Кто-то осторожно тронул его за плечо. Перед ним опять стоял вчерашний незнакомец, прятавший лицо. Показав золотой, он жестом поманил мальчика за собой. Ли Ду подхватил валежник и пошел за ним.
Они снова пришли на тот же постоялый двор, и незнакомец опять скрылся за дверью, забрав хворост. Все было как вчера, только на этот раз это была, кажется, другая дверь. Во всяком случае, на рисовой циновке, закрывавшей вход в комнату, он увидел теперь совсем другой рисунок: разбирающий руками высокую траву мальчик внезапно замечает на земле какие-то неясные следы и в изумлении останавливается перед ними.
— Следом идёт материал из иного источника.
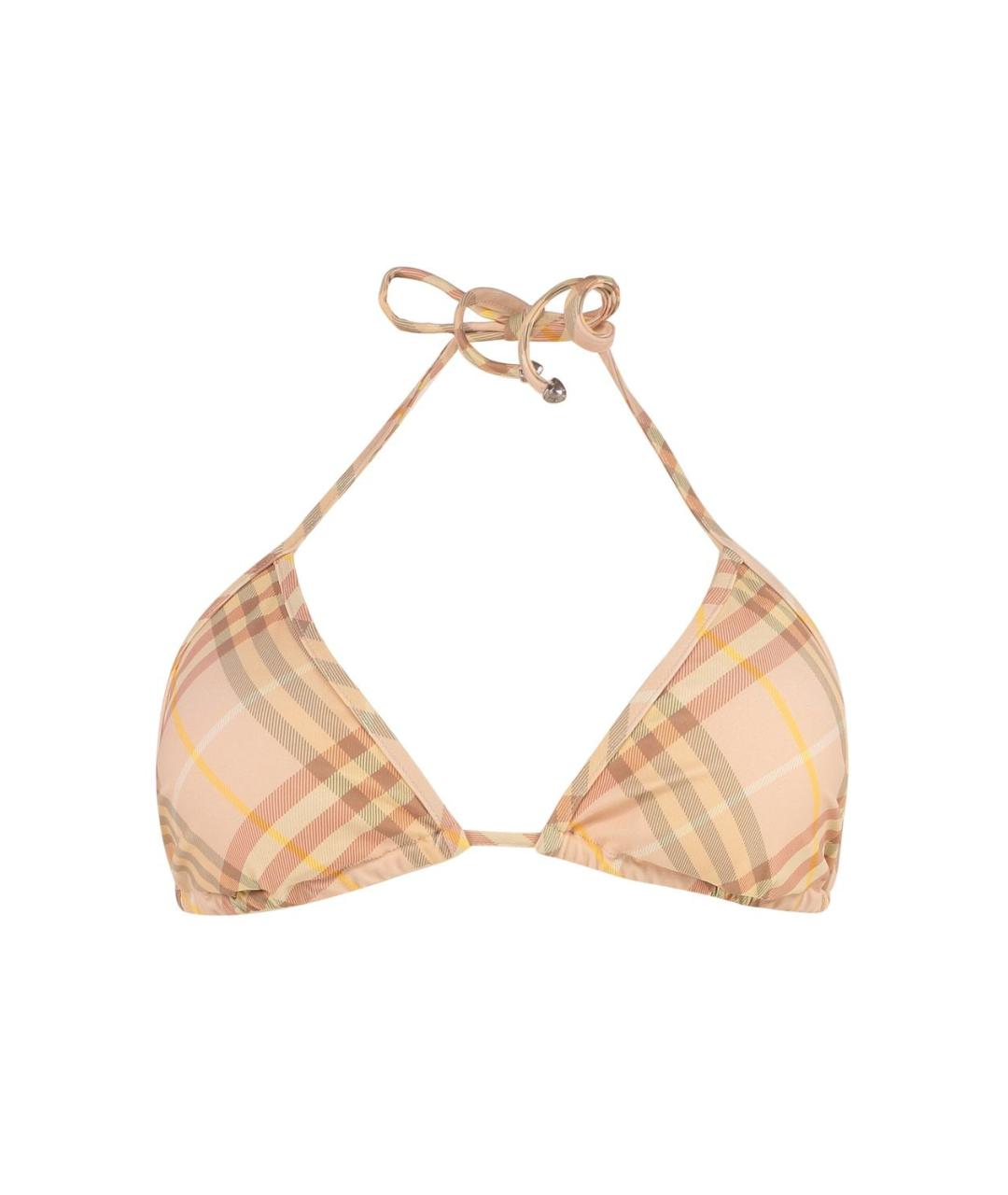 BURBERRY Розовый полиамидовый купальник, фото 1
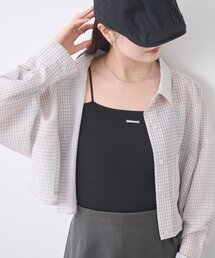 mystic | プレート付きニットキャミ(キャミソール)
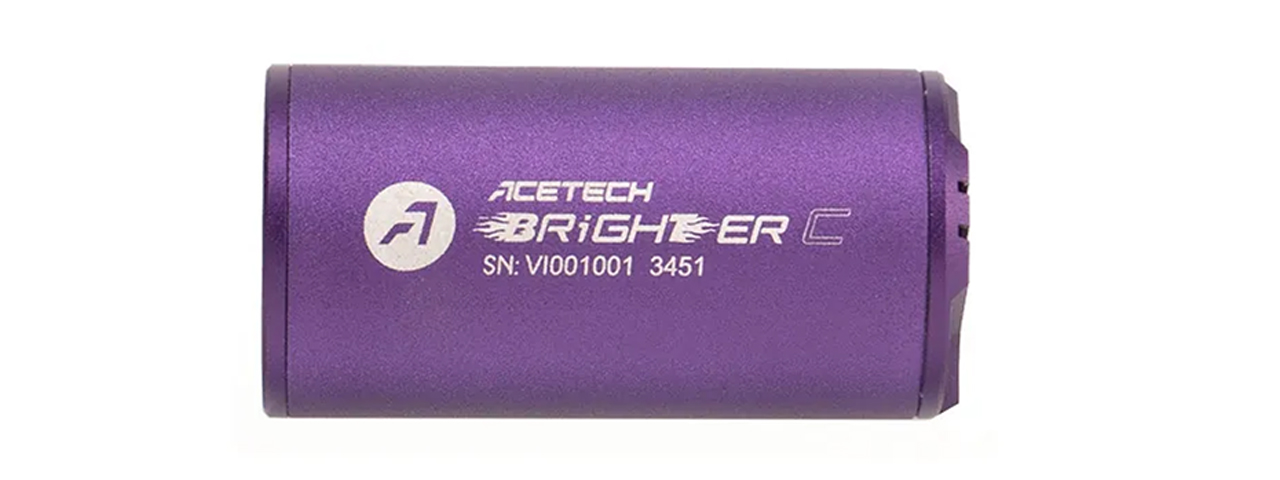 AceTech Brighter C Compact Rechargeable Tracer Unit - (Violet) - Click Image to Close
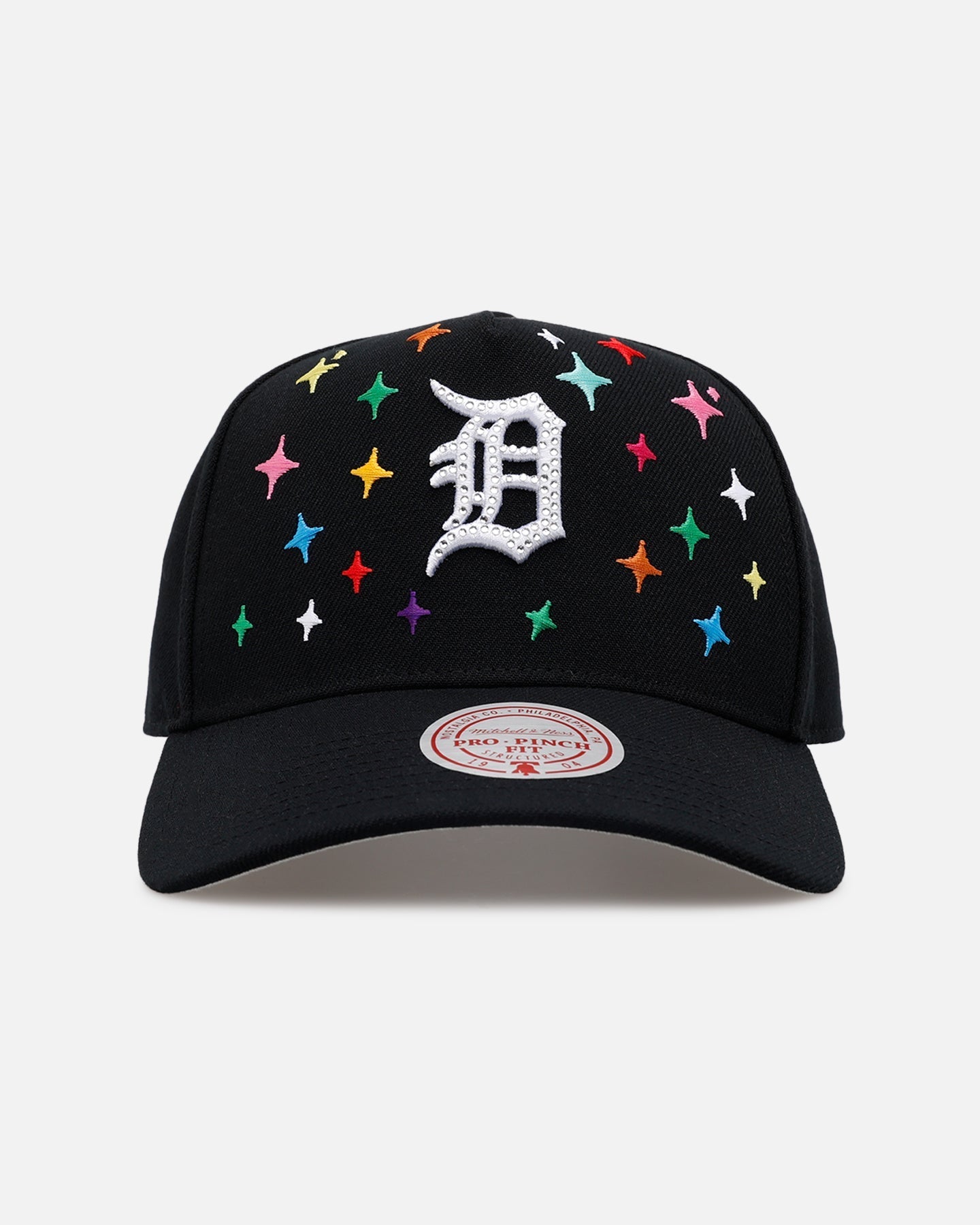 Mitchell & Ness Detroit Tigers 'Rhinestone Luxury' Pro Pinch Snapback Black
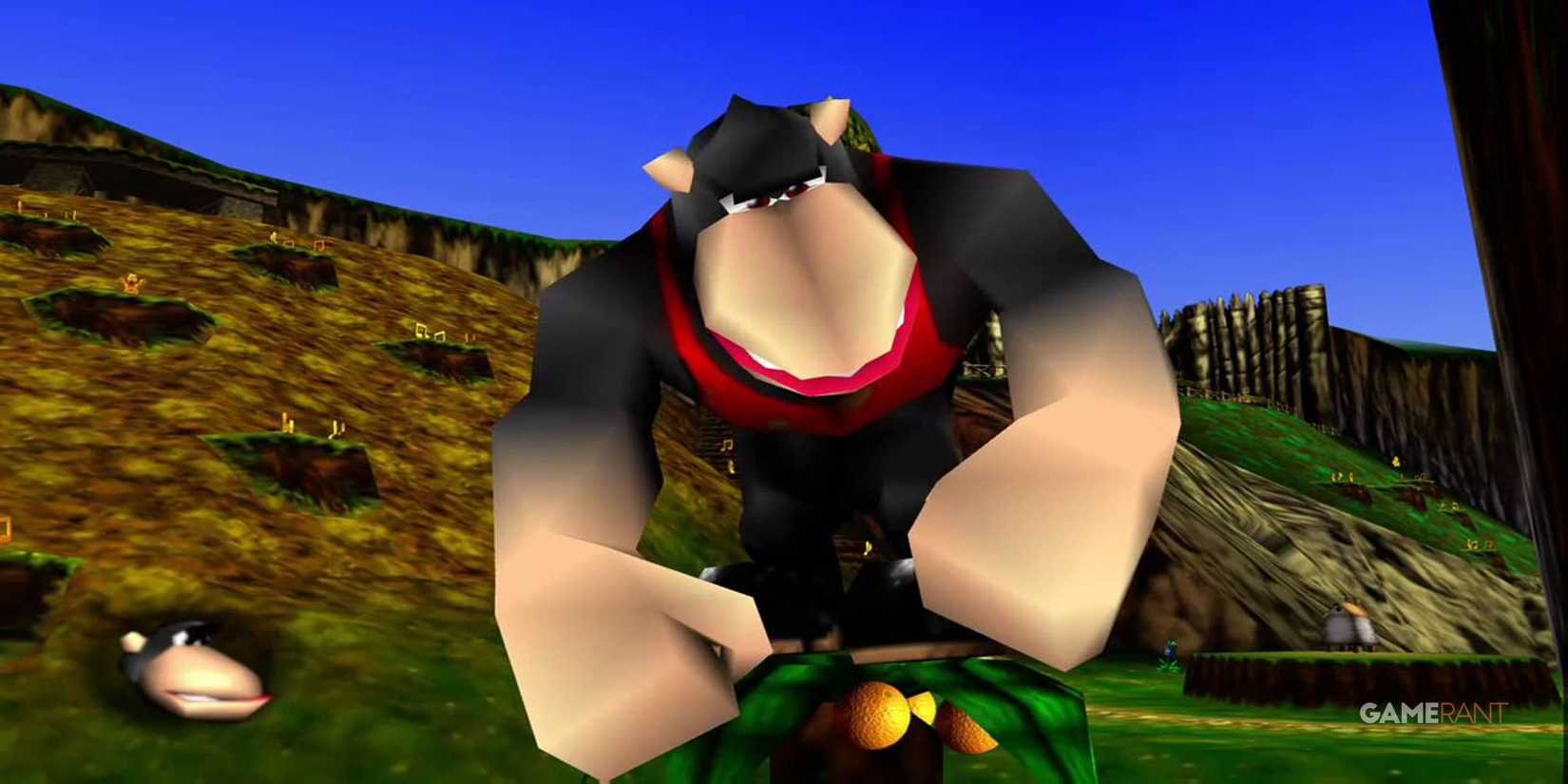 A giant gorilla boss from the original Banjo Kazoo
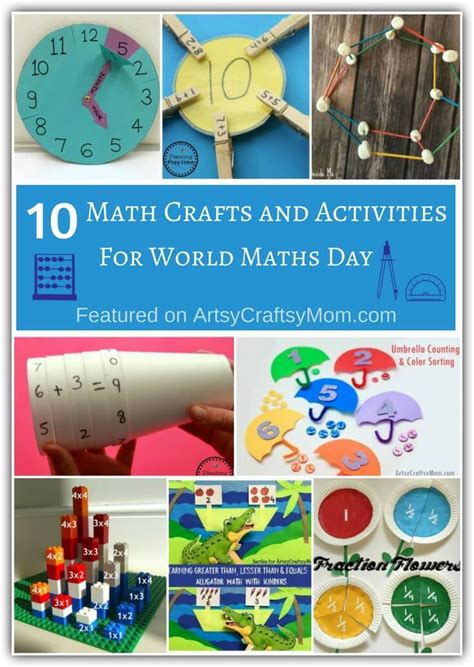 10 Enjoyable Math Crafts And Activities For World Maths Day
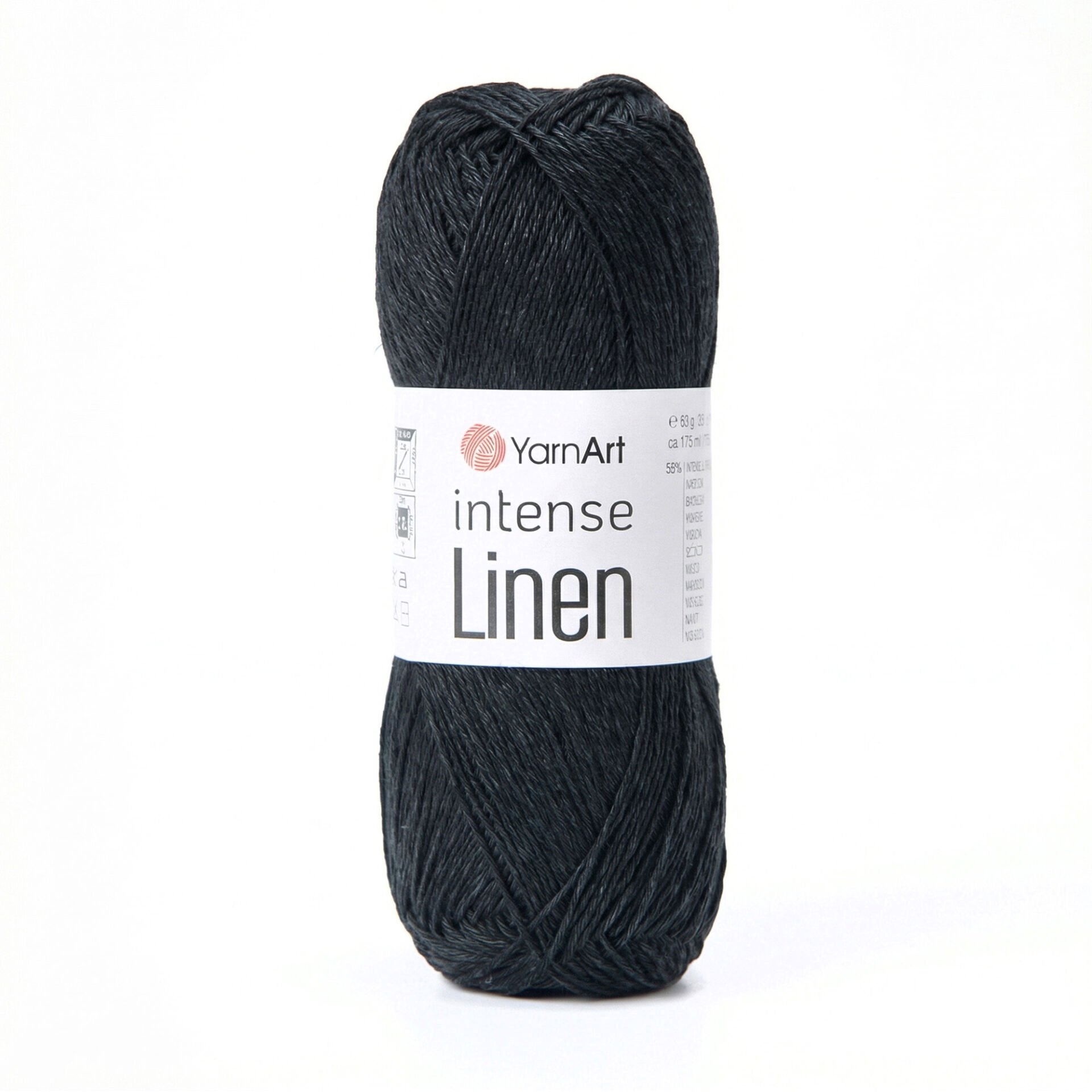 YARNART INTENSE LINEN - KNITTING YARN BLACK - 4135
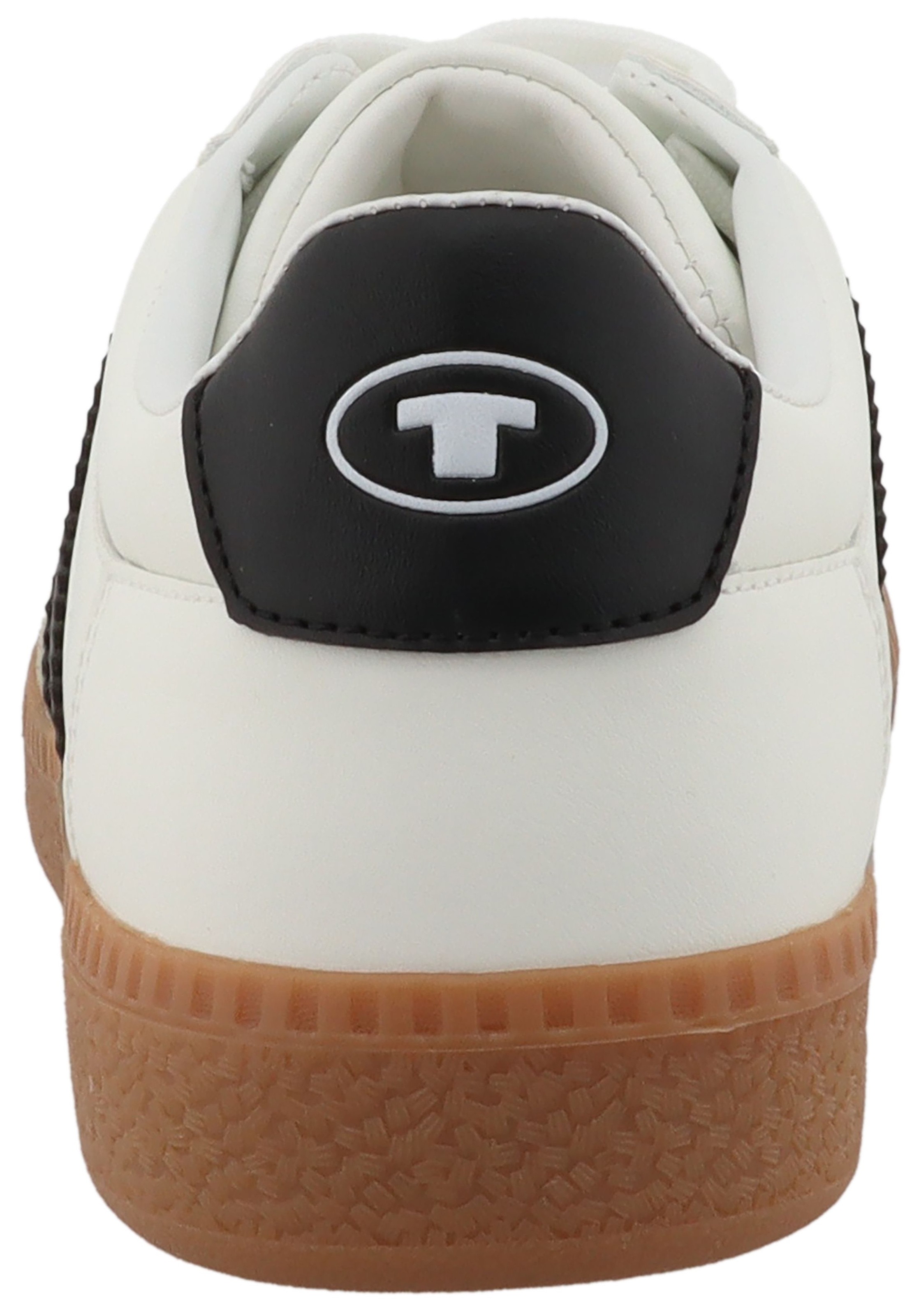 TOM TAILOR Sneaker »Kauthar«  Freizeitschuh, Halbschuh, Schnürschuh mit Kontrastbesatz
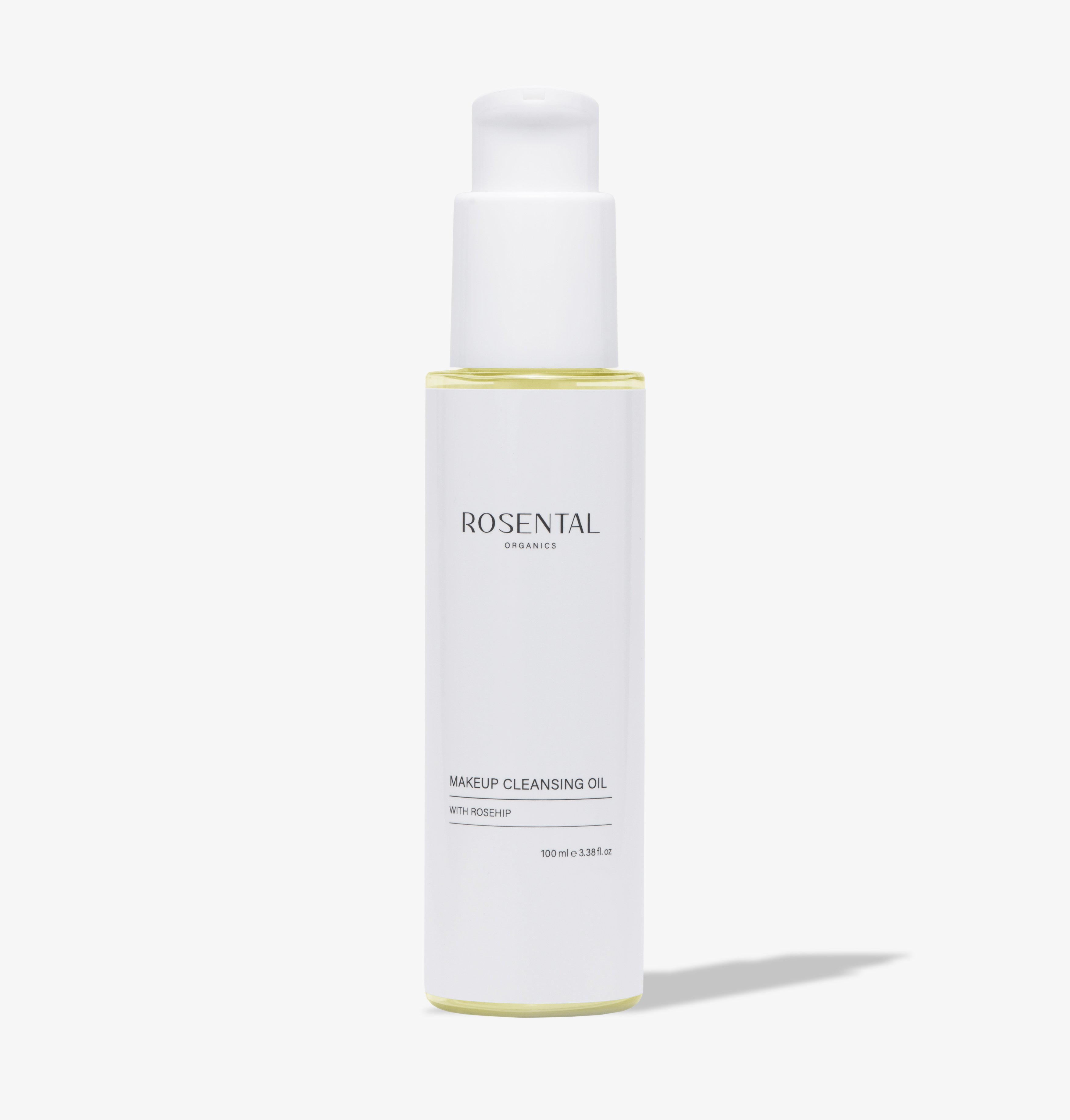 4260576414502 Rosental Organics Makeup Cleansing Oil mit Hagebutte, 100 ml Flasche auf weißem Hintergrund.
Ли Ду присел на корточки возле стены и задремал. Он слишком устал сегодня, лазая по горам. Крик ворон тоже утомил его. К тому же со вчерашнего дня у него во рту не было ни зернышка риса. Рисовые галушки с земляничной патокой — такое кушанье мама обещала приготовить на его рождение. Он еще никогда не пробовал рисовых галушек с земляничным вареньем, никогда. Его мама рассказывала, что в богатых домах едят жареную оленину и маринованную курицу, подают финиковое пирожное и сок из абрикоса. Таких яств он отродясь не пробовал. Он не знает даже, что такое рисовые галушки с земляничной патокой…
Он просидел у двери незнакомца до утра. Кто-то подложил под его голову пук соломы и прикрыл циновкой. Наверное, это добрая Яо-цинь, как всегда вставшая до свету, позаботилась о нем. Ли Ду собрался было постучать к незнакомцу, но Яо-цинь остановила его своим пением. Девушка плела туфли из рисовой соломы и пела:
Утренняя свежесть колышет листья.
Молочный пар поднимается от реки.
Выходит на охоту лис, умывшись лапкой,
Смежает веки филин, бессонный страж.
Пастух, изнемогший от усталости и надежды,
Падает ничком в траву, лицом в аромат.
Следы потери пастух заметил
На дне отчаянья, в тумане трав.
Ли Ду тихо выскользнул из-под циновки и, задумчивый, побрел в горы. Он размышлял о песне всю дорогу туда и обратно и сам не заметил, как собрал валежник и оказался на рынке. Незнакомец, прятавший лицо, стоял перед ним снова. Этот человек опять показал золотой и повлек мальчика за собой.
Они пришли на постоялый двор. Девушка мельком взглянула на Ли Ду, перебирая ячмень. Забрав хворост, незнакомец молча скрылся за циновкой, на которой на этот раз был изображен прислушивающийся, поднимающийся с колен пастух, вглядывающийся в чащу, в просветах которой мелькал мирно пасущийся бык.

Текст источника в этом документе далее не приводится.